**What you have to do:** When you reach the line that contains "Nissan Rogue Select S 2WD 2015", begin copying exactly, and continue through the last line of the data; no pictures belong in the copy.

**Data records:**
- Opening Delimiter -

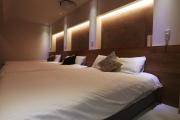 New Open 札幌市中心すすきのエリア徒歩5分-W-Beds4-Igarashi411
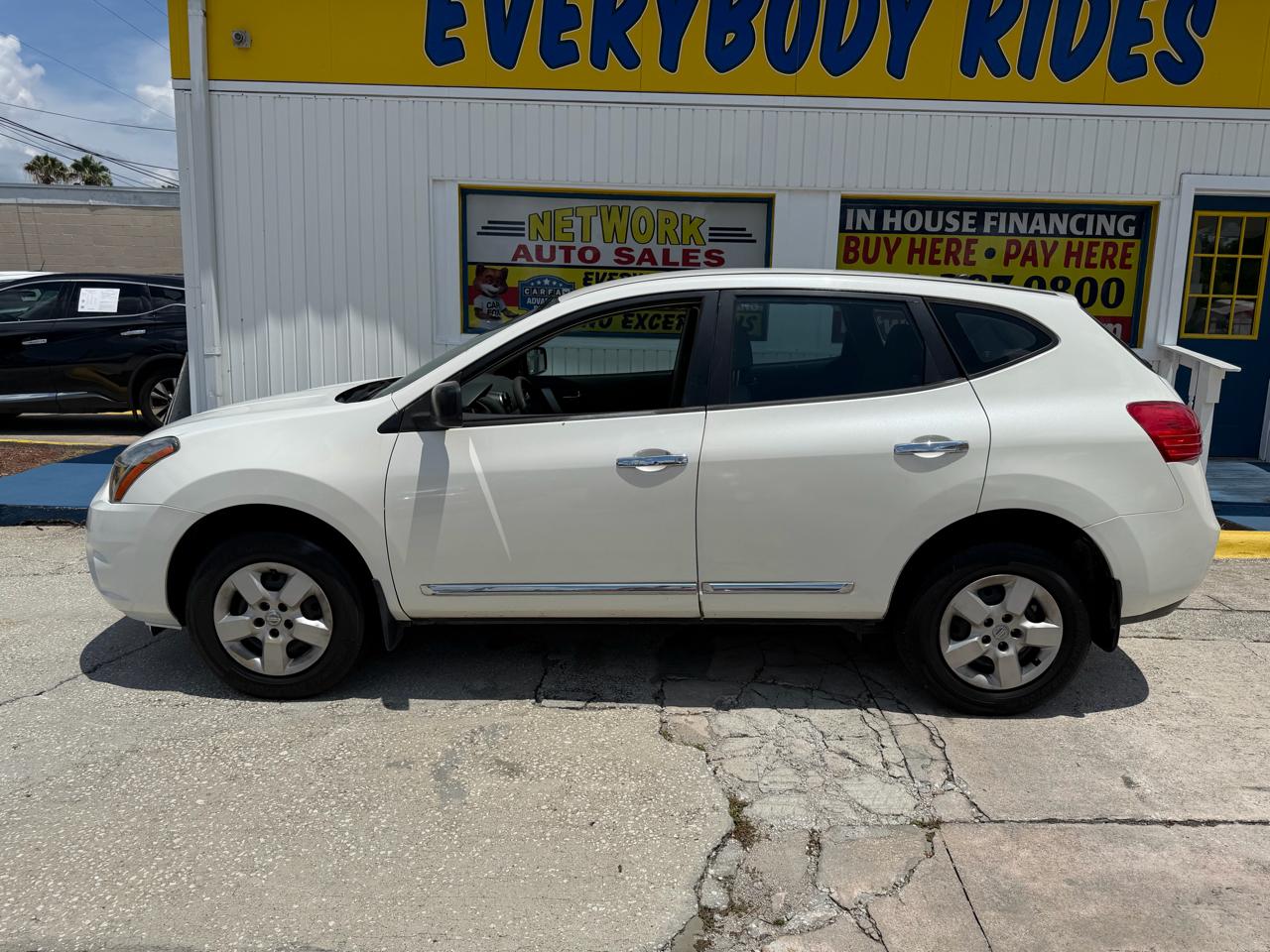 Nissan Rogue Select S 2WD 2015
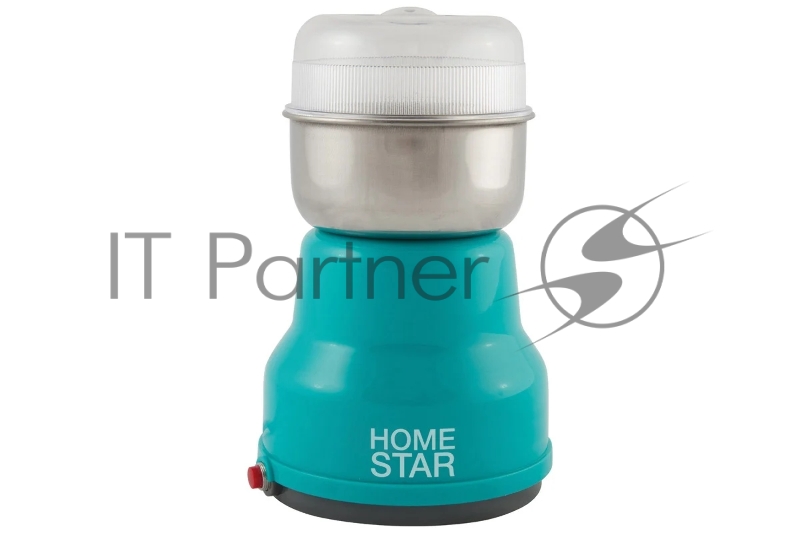 Кофемолка HOMESTAR HS-2001 цвет: бирюзовый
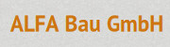 Logo ALFA Bauunternehmen GmbH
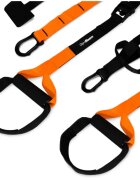 GymBeam Suspension Training Set závěsný posilovací systém 1 ks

- Closing Delimiter -

**Completed exercise:**
 Nissan Rogue Select S 2WD 2015
 Кофемолка HOMESTAR HS-2001 цвет: бирюзовый
 Logo ALFA Bauunternehmen GmbH
 GymBeam Suspension Training Set závěsný posilovací systém 1 ks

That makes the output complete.